* _WORK TO COMPLETE_: Every entry should be repeated exactly. Omit the pictures.

* _INFORMATION GIVEN_:
────

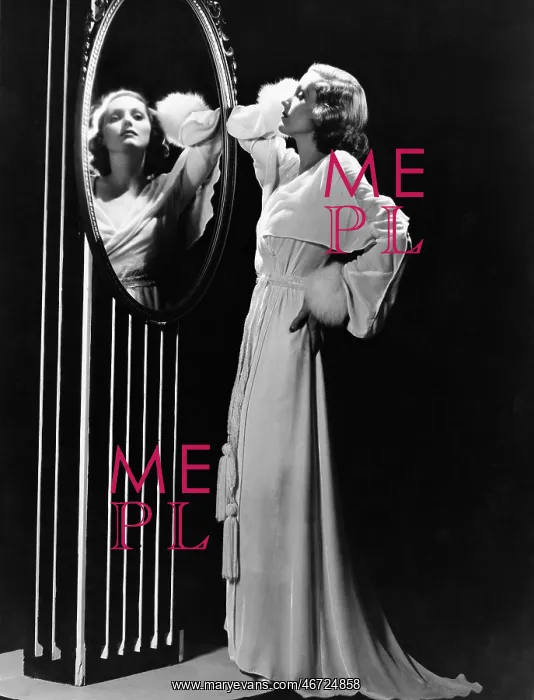 : Glamorous woman looking in mirror : Glamorous woman looking in mirror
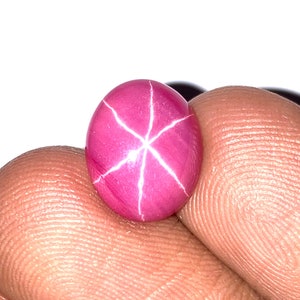 May include: A pink star ruby cabochon gemstone with a white star in the center.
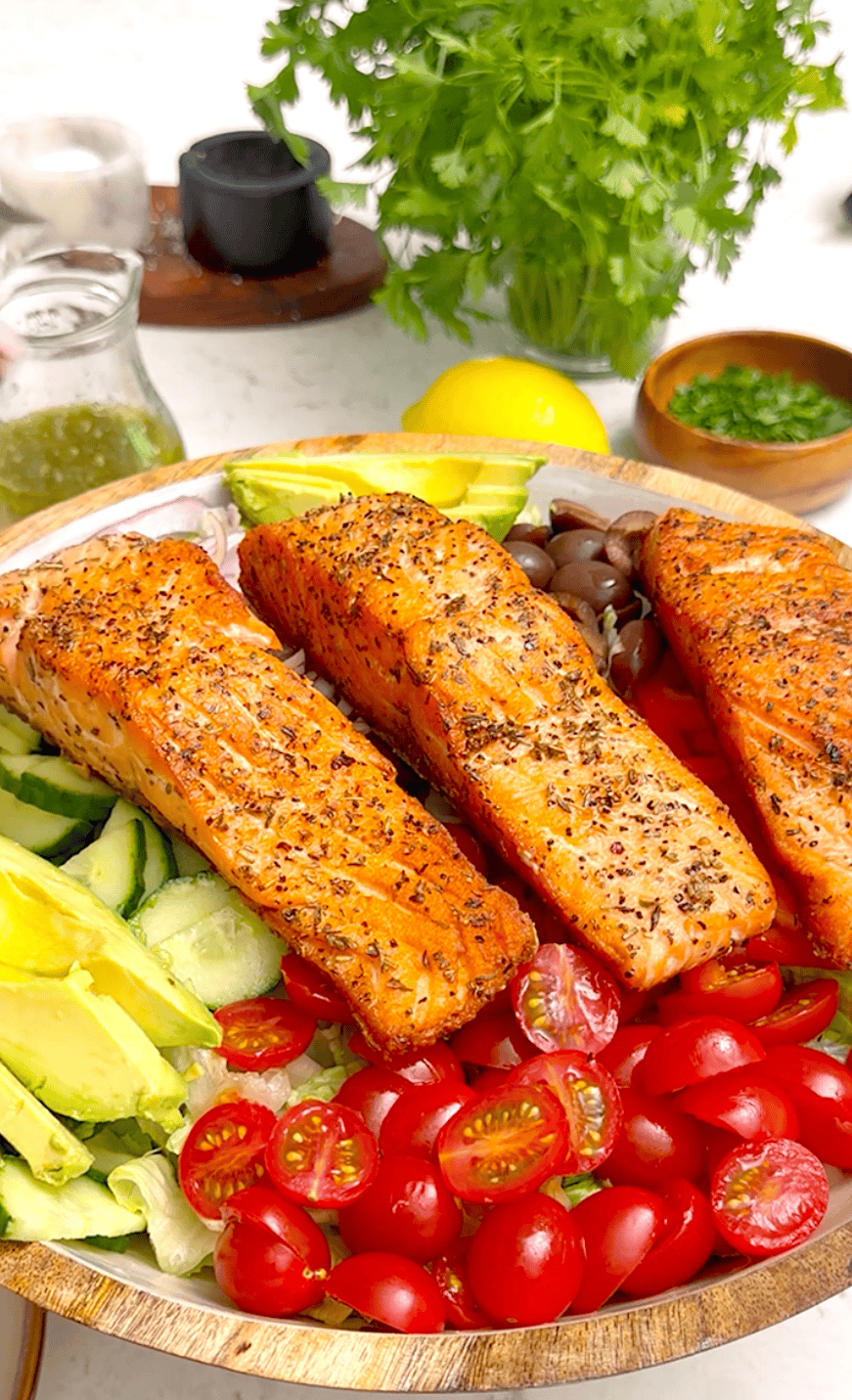A fresh summer salad topped with salmon filets.
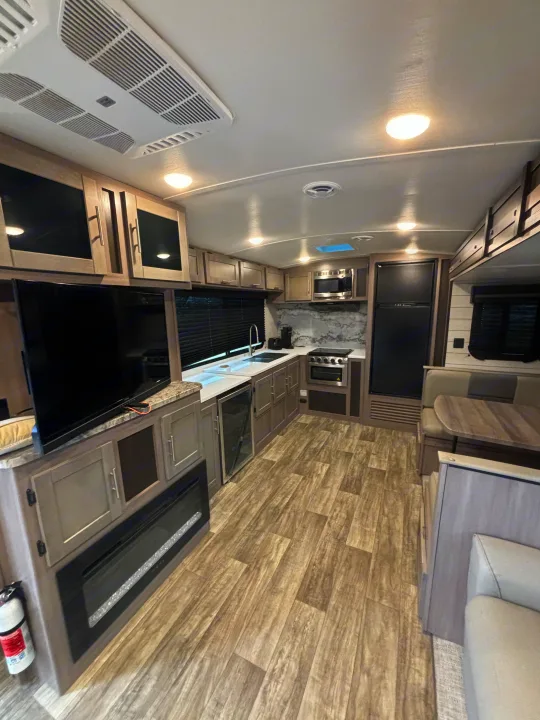 Spacious RV rental interior featuring a modern kitchen, dining area, TV, and fireplace.. Crossroads RV Sunset Trail Super Lite 2023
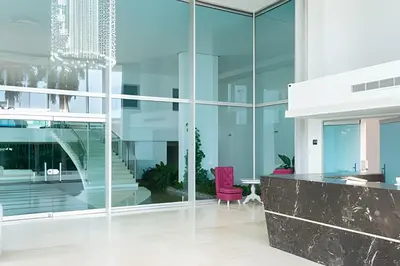 an office with glass walls and a pink chair at 2 dormitorios Morros. Vista Panorámica y salida Playa in Cartagena de Indias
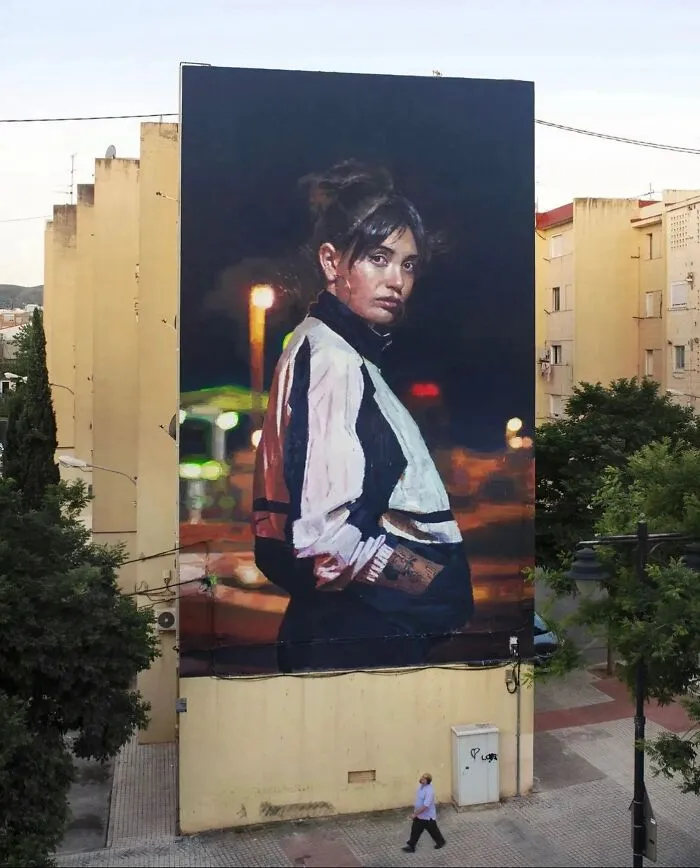 Mural de arte urbano con retrato realista de mujer joven en chaqueta deportiva en fachada de edificio alto.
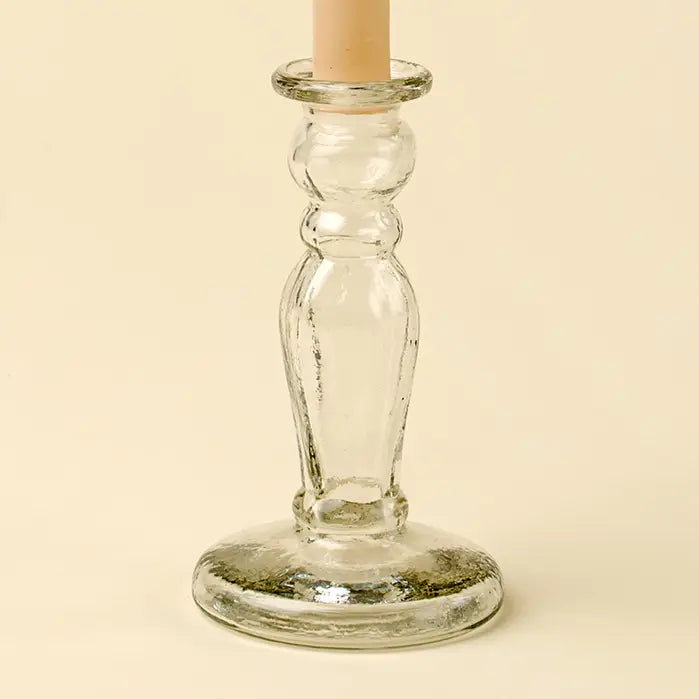 The Vero Glass Candlestick S by Indaba features a clear glass design with a round base, beautifully holding a beige taper candle against a light background for an elegant, timeless look.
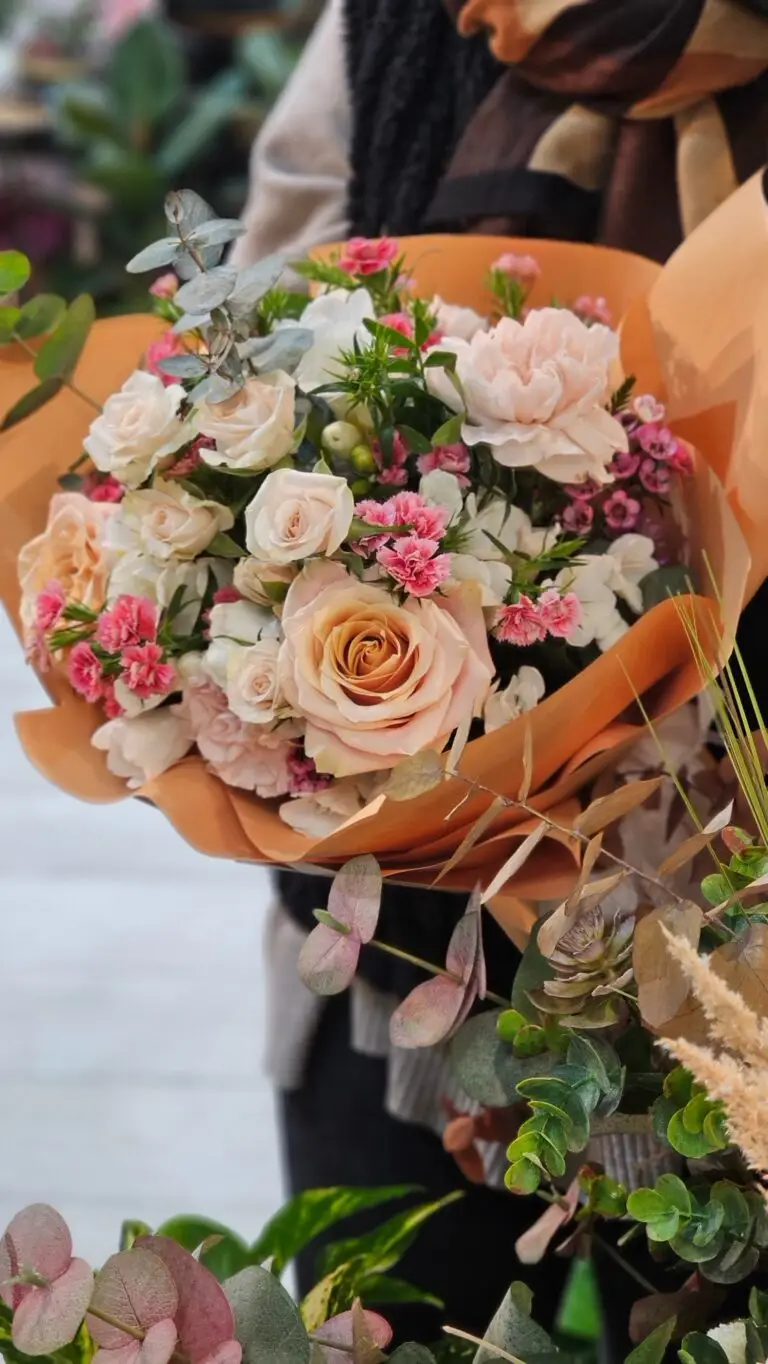 Bouquet di rose crema e pesca con garofanini rosa, incartato nella carta color terracotta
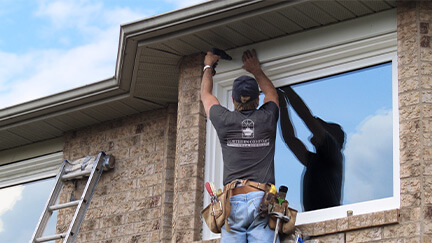A Northern Comfort Installer Installing a second story window.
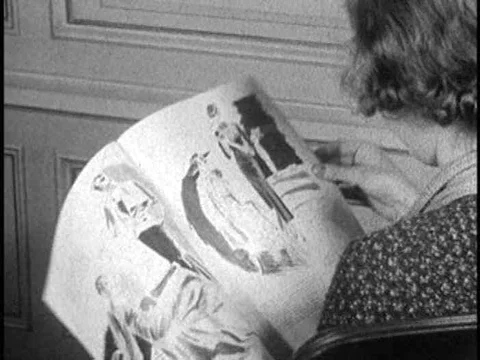 A group chooses fabric and tests it for flammability in the 1930s. Stock Footage 75755951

────

* _FINAL ANSWER_:
 : Glamorous woman looking in mirror : Glamorous woman looking in mirror
 May include: A pink star ruby cabochon gemstone with a white star in the center.
A fresh summer salad topped with salmon filets.
 Spacious RV rental interior featuring a modern kitchen, dining area, TV, and fireplace.. Crossroads RV Sunset Trail Super Lite 2023
 an office with glass walls and a pink chair at 2 dormitorios Morros. Vista Panorámica y salida Playa in Cartagena de Indias
 Mural de arte urbano con retrato realista de mujer joven en chaqueta deportiva en fachada de edificio alto.
 The Vero Glass Candlestick S by Indaba features a clear glass design with a round base, beautifully holding a beige taper candle against a light background for an elegant, timeless look.
 Bouquet di rose crema e pesca con garofanini rosa, incartato nella carta color terracotta
A Northern Comfort Installer Installing a second story window.
 A group chooses fabric and tests it for flammability in the 1930s. Stock Footage 75755951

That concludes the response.